Hilferuf einer Prinzessin: Des Scheichs Stinkefinger
Neu veröffentlichte Videos zeigen Prinzessin Latifa aus Dubai. Einen Beweis, dass sie noch am Leben ist, bleibt ihre Familie aber schuldig.
Die Geschichte klingt zunächst wie erfunden: Da flieht eine Prinzessin vor ihrem herrischen Vater, doch die Häscher des Königs fangen sie ein, schleppen sie zurück und sperren sie in ein Schloss, ohne Kontakt zur Außenwelt.
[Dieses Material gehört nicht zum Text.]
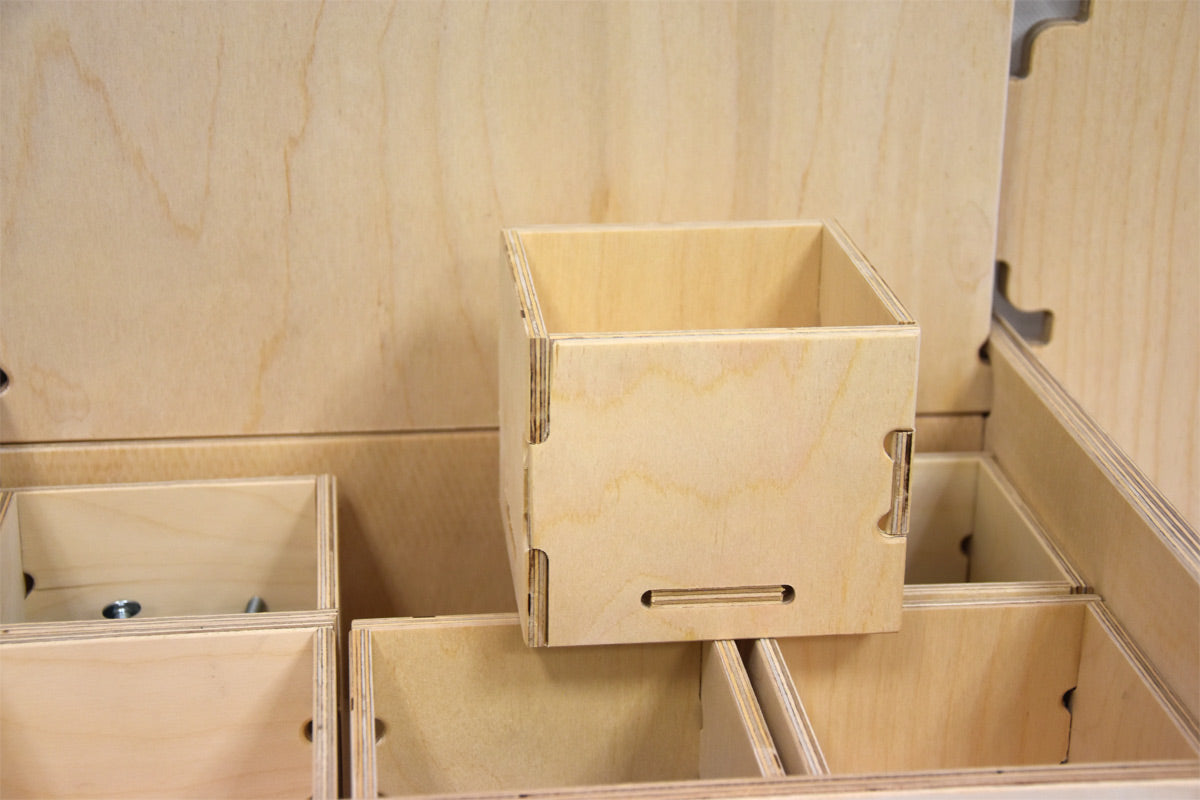 Hangende organizer met 6 bakken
Nur über Umwege gelingt es der Prinzessin, ein Lebenszeichen nach draußen zu senden.
Was sich ein Wilhelm Hauff für seine orientalistischen Märchen klischeehafter kaum hätte ausmalen können, ist offenbar tatsächlich geschehen: Opfer dieses grotesken Menschenrechtsverbrechens ist die 35-jährige Prinzessin Latifa, Tochter des Emirs von Dubai, einem der halbautonomen Zwergstaaten der Vereinigten Arabischen Emirate.
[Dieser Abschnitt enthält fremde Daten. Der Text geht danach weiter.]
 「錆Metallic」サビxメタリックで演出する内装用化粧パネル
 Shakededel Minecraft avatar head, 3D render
Mohammed bin Raschid Al Maktum, hier in der Rolle des bösen Papas, ist jener einst international so bewunderte „Scheich Mo“, der Business-Emir, der den Stadtstaat Dubai mit spektakulären Bauvorhaben wie dem Burj Khalifa, dem höchsten Gebäude der Welt, zu einer Marke mit globaler Anziehungskraft gemacht hat.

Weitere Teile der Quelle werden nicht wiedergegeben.